ABSTRACT

My first encounter with PlanetOut (2009) came from watching a promo on a VHS copy of Brian Sloan’s I Think I Do (1997), an independent film distributed by New York City-based Strand Releasing. In the ad, a car driven by a merry band of “queer” travelers breaks down in rural America.The travelers succeed in dragging the car to the nearest town,where a mechanic tells them that repairs will take two days.While most of the travelers are saddened, a savvy drag queen convinces a young mechanic to post a party invitation on PlanetOut, and soon, a dance party breaks out in a nearby barn. PlanetOut’s promo illustrates two common 1990s attitudes towards the Internet: that Internet technology could overcome the tyranny of geography and that it would enable new forms of queer cultural flows.
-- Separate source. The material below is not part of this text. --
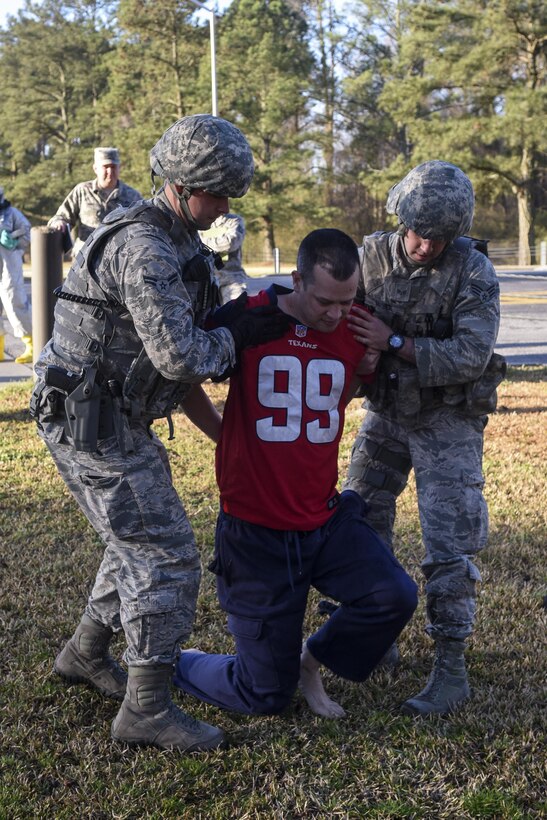 Master Sgt. Michael Owen (center), 4th Fighter Wing inspector general inspections team member, is apprehended by two 4th Security Forces Squadron Airmen during a mass casualty exercise, March 9, 2016, at Seymour Johnson Air Force Base, North Carolina. The exercise tested the effectiveness of Team Seymour and local emergency responders during a mass casualty incident. (U.S. Air Force photo/Airman Shawna L. Keyes)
PlanetOut’s marketing messages in the 1990s were more than simply pragmatic business moves.The company’s messages epitomized the utopian visions of early Internet commerce, and the belief that new technologies, content forms, and structures of distribution would provide “better” representations of sexual alterity that would stimulate LGBT equality.As PlanetOut emerged as a major player in queer media, however, the company began to face charges that its role in queer media conglomeration was hastening the homogenization of queer culture and taking the charge out of queer politics (Gamson 2003). In this chapter, I examine PlanetOut’s economic and industrial history and examples of web design in order to better understand how queer web users have been defined and targeted in the new economy.